Berlin Deutlich mehr Strafen wegen Hartz-IV-Verstößen

Berlin · Die Arbeitsagenturen haben im vergangenen Jahr deutlich mehr Strafen gegen Hartz-IV-Empfänger verhängt und ihnen die Bezüge gekürzt als im vorangegangenen Jahr. Im Vergleich zu 2010 sei die Zahl der Hartz-IV-Sanktionen 2011 um etwa zehn Prozent gestiegen, erklärte eine Sprecherin der Bundesagentur für Arbeit (BA). Die Leistungen für die betroffenen erwerbsfähigen Arbeitslosengeld-II-Bezieher seien im Schnitt vorübergehend um 116 Euro pro Monat gesenkt worden, 2010 waren es noch 107 Euro.

Die Fallmanager in den Job-Centern verhängten in 912 377 Fällen Sanktionen gegen Hartz-IV-Bezieher, im Jahr 2010 kam es dagegen nur in 829 375 Fällen zu Verfehlungen und Leistungskürzungen. Die BA erklärte den Anstieg damit, dass die Job-Center den Langzeitarbeitslosen dank der guten Konjunktur häufiger Jobangebote hätten machen können als zuvor. Deshalb sei auch die Zahl derer gestiegen, die wegen der Verweigerung eines Jobs auf einen Teil ihrer Bezüge hätten verzichten müssen. Zudem kontrollieren die Arbeitsagenturen heute besser als in den Vorjahren. "Die Arbeitsabläufe in den Job-Centern sind effizienter und professioneller geworden", sagte die Sprecherin der BA. Auch seien die Vorschriften durch den Gesetzgeber klarer gefasst worden.

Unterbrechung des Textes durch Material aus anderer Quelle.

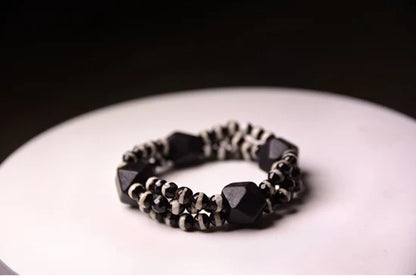 Bracelet Multirang Onyx Noir et Bois d'Ébène – Style Géométrique, Homme et Femme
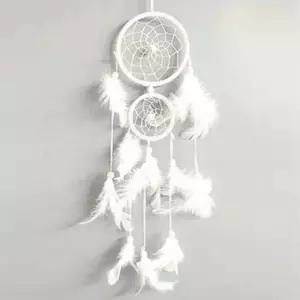 에스닉 드림캐쳐 2단 화이트 행운 인테리어소품 장식 에스닉 드림캐쳐 2단 화이트 행운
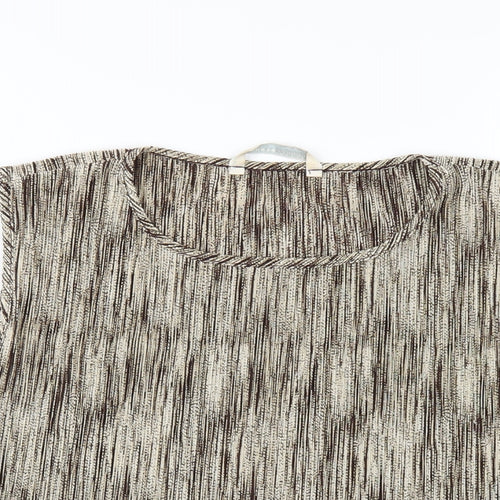 AMARANTO Womens Brown Polyester Basic Tank Size 20 Round Neck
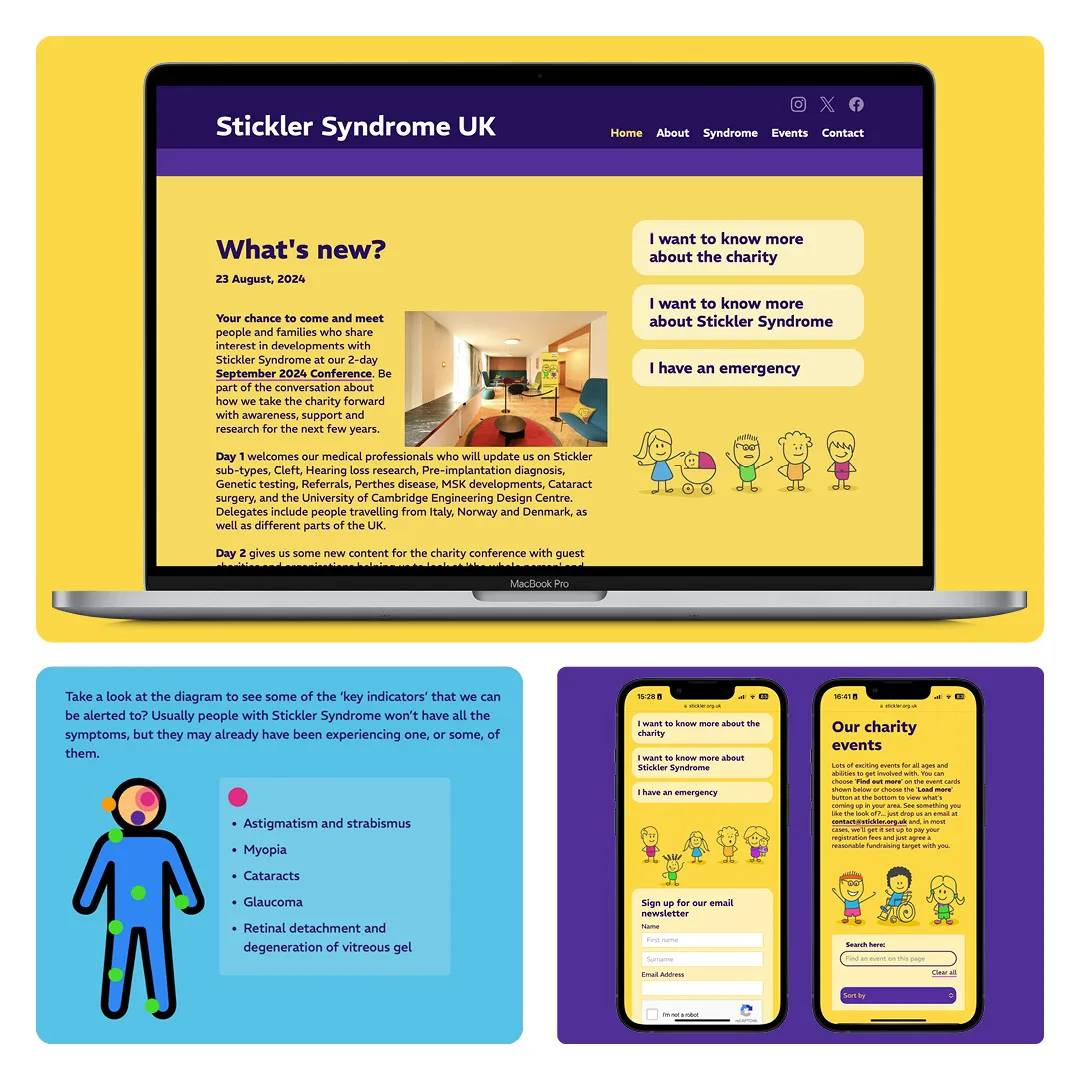 Stickler Syndrome UK website snapshots on laptop and mobile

Trotz der Zunahme der Strafen mussten 2011 nur 3,4 Prozent der 4,4 Millionen erwerbsfähigen Leistungsbezieher Kürzungen hinnehmen. "Die überwiegende Zahl aller erwerbsfähigen Leistungsbezieher macht mit, engagiert sich und will in Arbeit kommen", sagte eine Sprecherin des Bundesarbeitsministeriums. Nur 15 Prozent der Sanktionen resultierten aus der Weigerung, eine Arbeit aufzunehmen. Die meisten Betroffenen hätten Meldefristen nicht eingehalten. In Berlin war die Sanktionsquote 2011 mit 4,4 Prozent am höchsten, in Bremen mit 2,7 Prozent am niedrigsten. NRW rangiert mit 3,3 Prozent im Mittelfeld der Länder.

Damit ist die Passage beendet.